**DATA FOR PROCESSING:**
══════════════════════════════

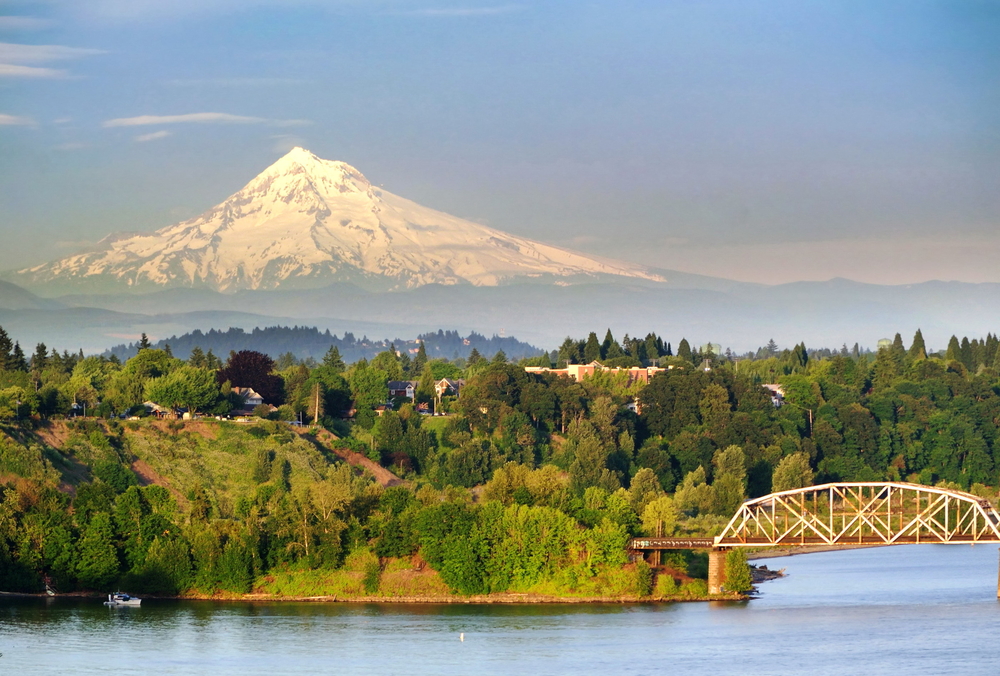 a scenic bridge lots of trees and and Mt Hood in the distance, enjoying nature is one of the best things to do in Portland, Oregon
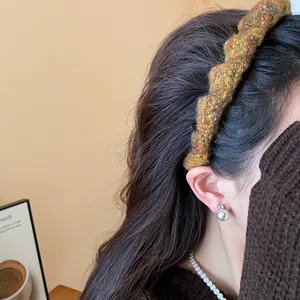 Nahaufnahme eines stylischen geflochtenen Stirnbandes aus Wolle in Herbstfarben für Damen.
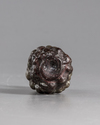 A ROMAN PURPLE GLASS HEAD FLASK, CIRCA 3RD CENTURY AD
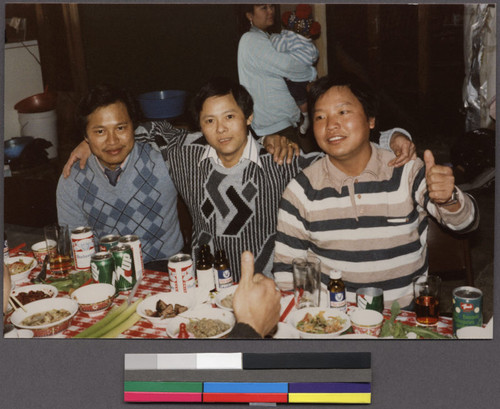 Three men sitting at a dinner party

══════════════════════════════

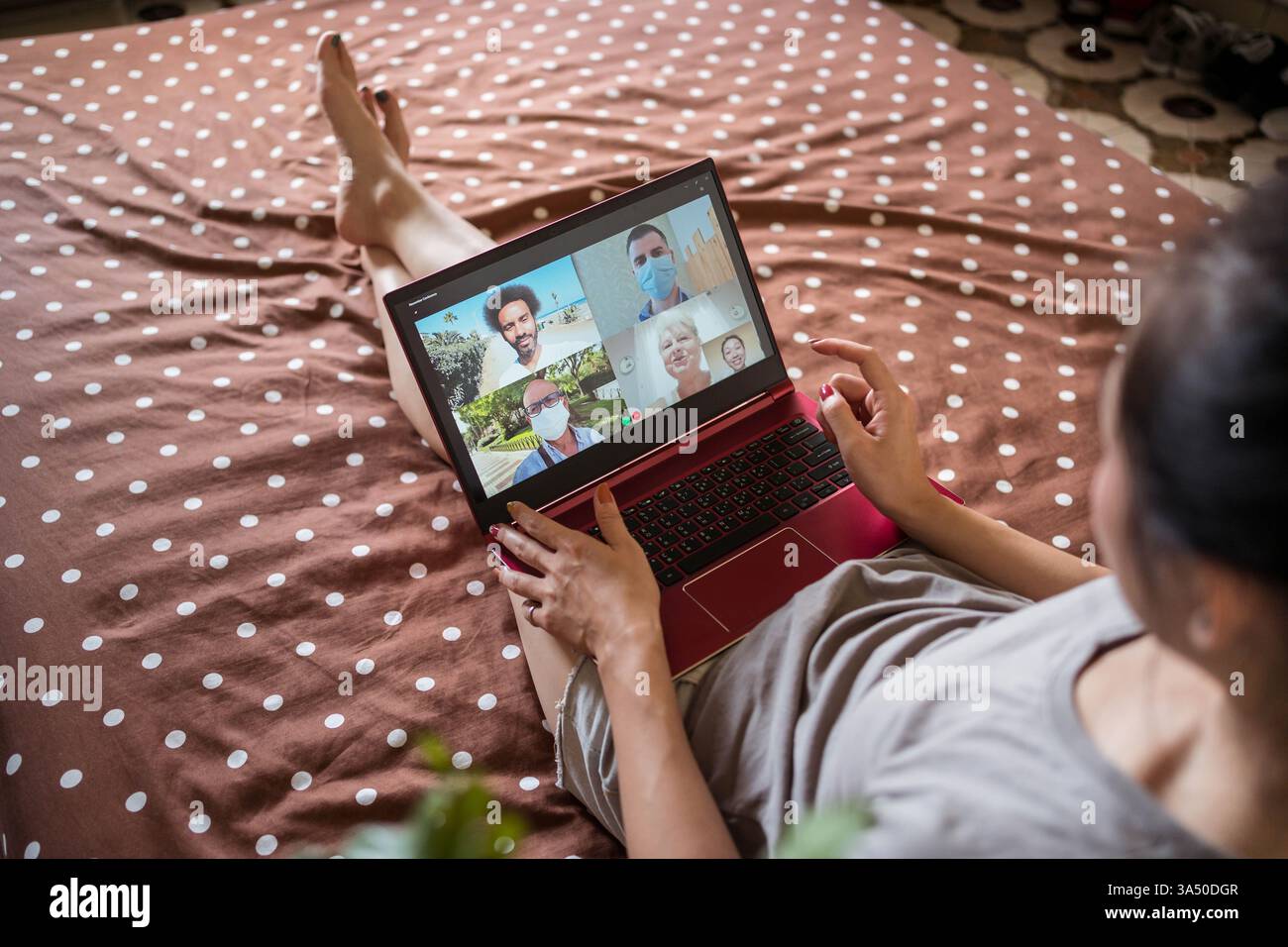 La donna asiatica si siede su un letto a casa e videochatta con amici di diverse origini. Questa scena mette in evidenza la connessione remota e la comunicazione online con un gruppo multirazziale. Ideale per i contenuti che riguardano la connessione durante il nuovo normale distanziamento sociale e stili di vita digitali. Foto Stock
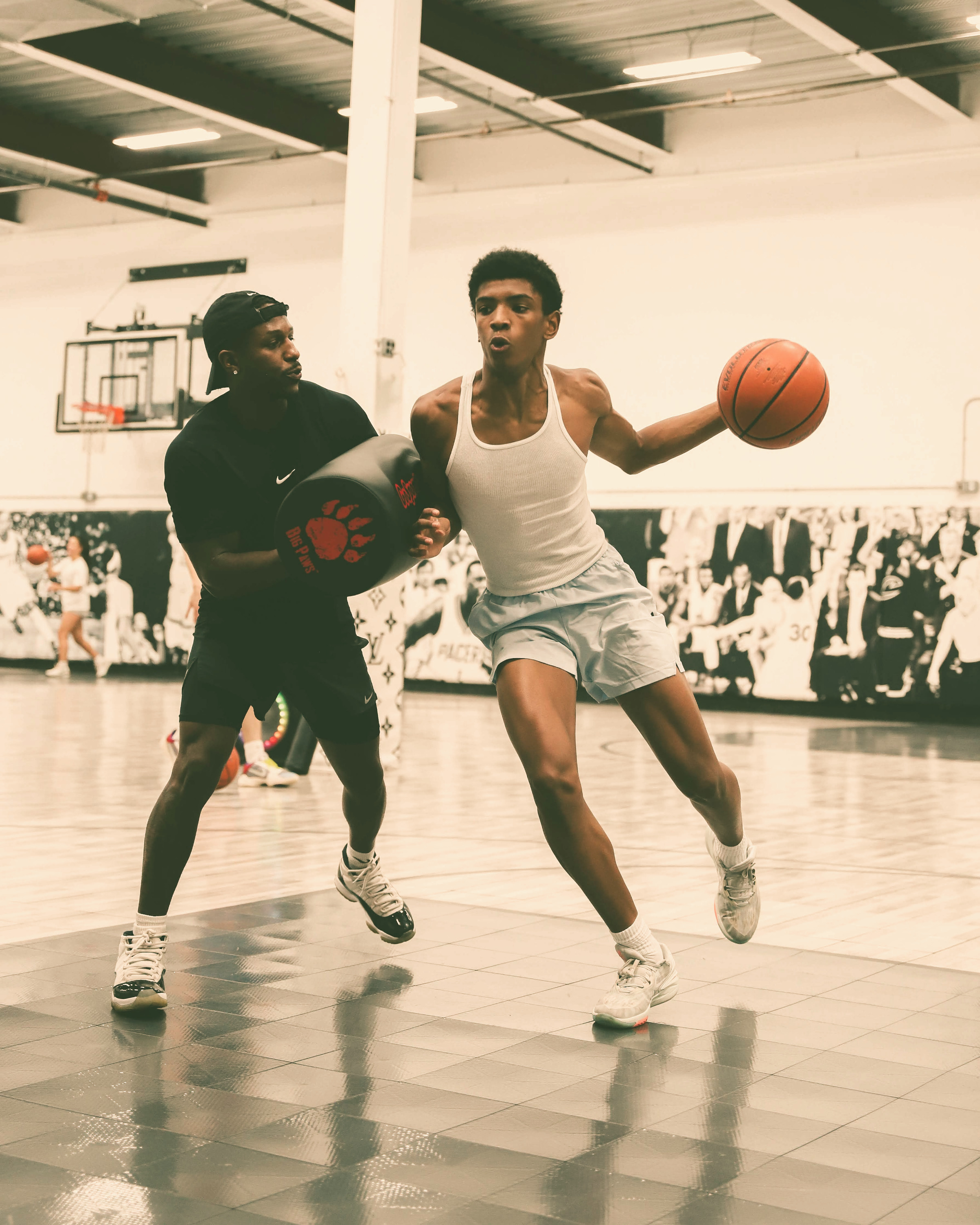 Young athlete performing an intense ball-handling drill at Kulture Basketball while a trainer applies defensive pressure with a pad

══════════════════════════════

**ASSIGNMENT:** Above are the records. Copy word for word only their lines from the one holding "a scenic bridge" through the one holding "Three men sitting at a dinner party", both included, and skip the images.

**SOLUTION BELOW:**
 a scenic bridge lots of trees and and Mt Hood in the distance, enjoying nature is one of the best things to do in Portland, Oregon
 Nahaufnahme eines stylischen geflochtenen Stirnbandes aus Wolle in Herbstfarben für Damen.
 A ROMAN PURPLE GLASS HEAD FLASK, CIRCA 3RD CENTURY AD
 Three men sitting at a dinner party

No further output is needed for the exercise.